_Exercise directions_
From the data below, repeat exactly the lines from the line with "Yüksek gerilim tellerine" to the line with "Volvo XC60 I", both included.

_Raw data_
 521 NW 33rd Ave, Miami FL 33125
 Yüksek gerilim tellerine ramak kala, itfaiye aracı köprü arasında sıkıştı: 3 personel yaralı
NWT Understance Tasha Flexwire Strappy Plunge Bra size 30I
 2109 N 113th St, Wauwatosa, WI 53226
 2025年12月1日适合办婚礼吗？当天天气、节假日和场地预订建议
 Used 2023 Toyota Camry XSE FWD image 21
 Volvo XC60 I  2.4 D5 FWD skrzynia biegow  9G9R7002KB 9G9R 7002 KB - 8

---

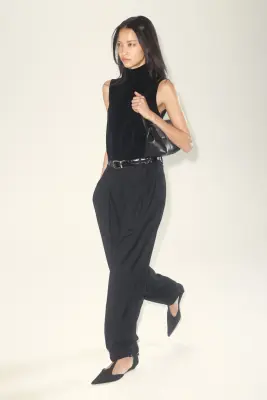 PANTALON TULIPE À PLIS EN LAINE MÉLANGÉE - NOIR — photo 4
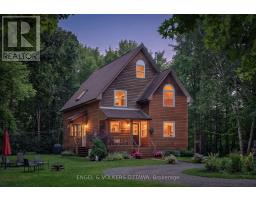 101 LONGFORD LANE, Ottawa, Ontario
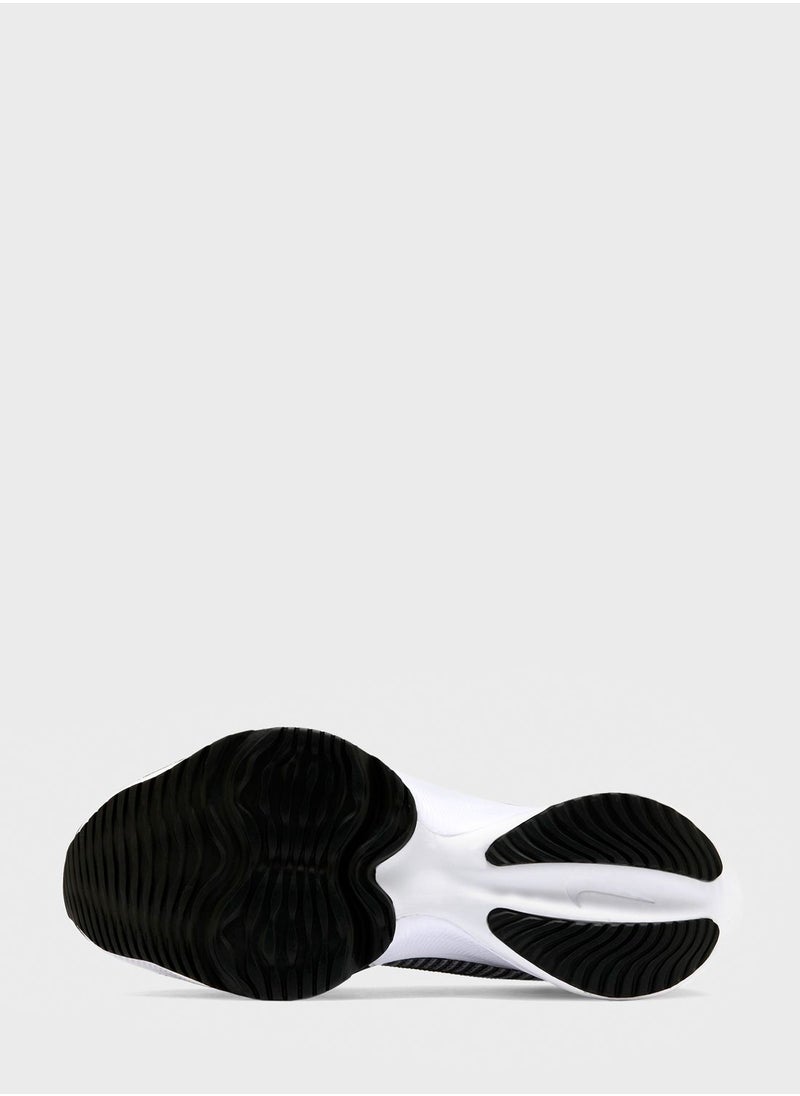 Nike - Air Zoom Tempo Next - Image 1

_Answer space_
 Yüksek gerilim tellerine ramak kala, itfaiye aracı köprü arasında sıkıştı: 3 personel yaralı
NWT Understance Tasha Flexwire Strappy Plunge Bra size 30I
 2109 N 113th St, Wauwatosa, WI 53226
 2025年12月1日适合办婚礼吗？当天天气、节假日和场地预订建议
 Used 2023 Toyota Camry XSE FWD image 21
 Volvo XC60 I  2.4 D5 FWD skrzynia biegow  9G9R7002KB 9G9R 7002 KB - 8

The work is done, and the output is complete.